All patients included were elective patients scheduled for coronary artery bypass grafting. Excluded were patients undergoing combined procedures and reoperation. Further exclusion criteria were evidence for impaired platelet function and coagulation disorders, chronic inflammatory diseases, and renal failure. It was ensured that platelet inhibitor drugs, such as aspirin or clopidogrel, were discontinued at least 7 days before the operation.
NO (PulmNOx Medical Inc, Tofield, Alberta, Canada) was administered into the membrane oxygenator through a Y connector during the period of extracorporeal circulation. Iloprost (Cayman Chemical Company, Ann Arbor, Mich) was infused into the oxygenator starting from the initiation of CPB and was maintained throughout the duration of CPB. The doses of NO and iloprost were selected on the basis of preliminary studies showing significant effects of these drugs on platelet function without alterations of hemodynamics (mean arterial blood pressure) or increase in vasopressor requirement.
For safety reasons, the staff in the operating room, including surgeons, perfusionists, and anesthesiologists, was not blinded to the study. In addition, the exhaust, including the outflow from the extracorporeal circuit, was removed from the operating room through central air conditioning. However, the basic scientists involved in the sample collection, processing, and data analysis were blinded to the treatment and control groups.
Anesthesia was identical in each group, according to a standard protocol of the institution, except that aprotinin and all nitrovasodilators were excluded.
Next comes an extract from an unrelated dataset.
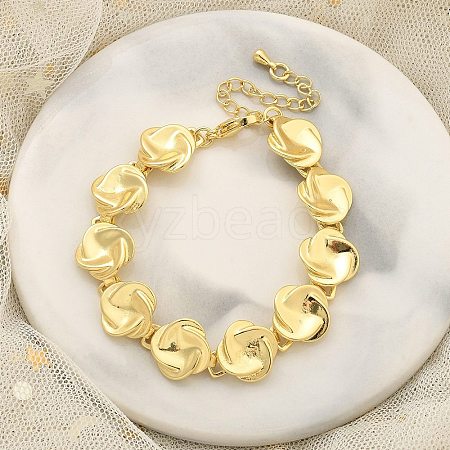 Brass Flat Round Links Bracelets for Women KK-B124-11G-1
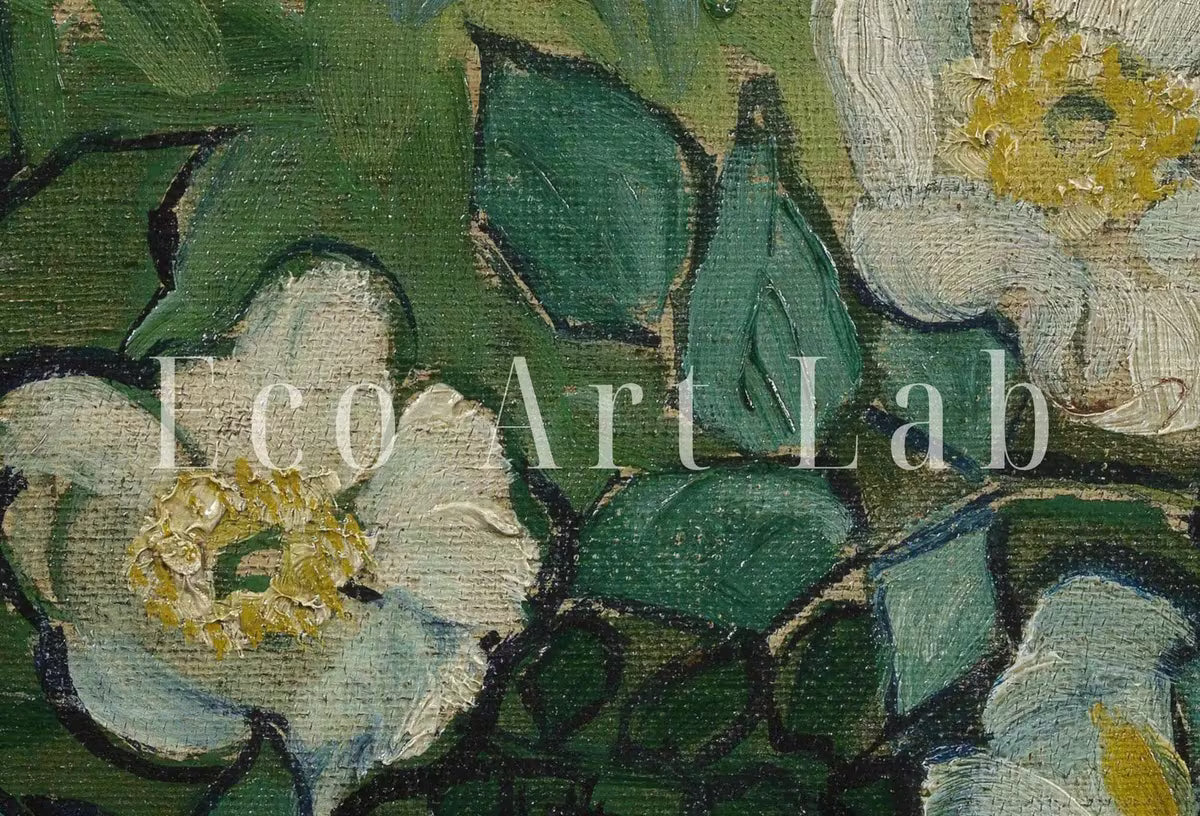 van Gogh Wild Roses Famous Painting Art Print. Instant Download Printable van Gogh Fine Art. Vintage Botanical Art. White Roses Painting – Printable Wall Art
The surgical procedure was performed through a midline sternotomy, with systemic heparinization and an activating clotting time well above 400 seconds. All extracorporeal circuits used were noncoated, were identical in each patient, and consisted of a membrane oxygenator, arterial filter, and colloidal priming (1400 mL). No patient received aprotinin or other proteinase inhibitors during the study period. Cardioplegic arrest was performed with blood cardioplegia.5 The temperature during bypass grafting was between 32°C and 34°C, and rewarming was initiated after completion of the last peripheral anastomosis. Reperfusion was performed with whole blood by means of aortic declamping. The demographic characteristics, clinical parameters of the patients, number of grafts, reperfusion times, and aortic crossclamp times are given in Table 1.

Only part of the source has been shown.